NASA's Nebula becomes the first open-source software for deploying private and hybrid clouds in early 2009. Later in the same year, The French government announced the Andromède Project to establish a national cloud computing service. The government committed €285 million to the initiative. The initiative ultimately failed, leading to the shutdown of Cloudwatt on 1 February 2020.

== 2010s ==
In February 2010, Microsoft launched Microsoft Azure in February, following its announcement in October 2008. Five months later, Rackspace Hosting and NASA initiated an open-source cloud-software project, OpenStack. This project aimed to facilitate organizations in offering cloud-computing services on standard hardware. The early codebase was sourced from NASA's Nebula platform and Rackspace's Cloud Files platform.

In March 2011, IBM introduced the IBM SmartCloud framework, designed to support the Smarter Planet initiative. Later that year, the US government established the Federal Risk Management Program, FedRAMP, becoming the first government-wide cloud services accreditation program with standardized risk assessment methodologies for cloud products and services. Later on October 12, iCloud was launched, allowing users to store personal information across multiple devices and share with other users.

In June 2012, On June 7, Oracle announced the Oracle Cloud. In May, Google Compute Engine was released in preview and subsequently rolled out into General Availability in December 2013. Also in 2013, Docker launched as a PaaS model to host containers in the cloud for software development.
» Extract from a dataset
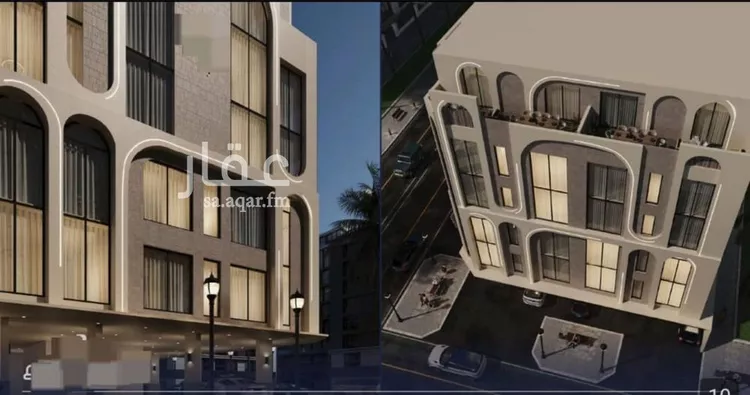 شقة للبيع في شارع محمد حسن العواد , حي الروضة, مدينة جدة, منطقة مكة المكرمة صورة 4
In December 2019, Amazon launched AWS Outposts, a service that extends AWS infrastructure, services, APIs, and tools to customer datacenters, co-location spaces, or on-premises facilities.

== 2020s ==
Since the global pandemic of 2020, cloud technology jumped ahead in popularity due to the level of security of data and the flexibility of working options for all employees, notably remote workers. For example, Zoom grew over 160% in 2020 alone. A survey of 750 organizations found that 90% increased their cloud usage more than planned during the pandemic; for 29%, it was "significantly more than expected." This created a labor shortage of cloud architects, among other specialized job roles. For example, organizations posted 775,022 cloud computing jobs in 2020, an increase of 94% from 2017.

Security and privacy are still a major concern due to security breaches and one of the main focuses of research. CloudChain, a cloud-oriented blockchain system is designed to increase the layers of security.

Currently, global spending on cloud computing services has reached $706 billion and the International Data Corporation predicts it to reach $1.3 trillion by 2025.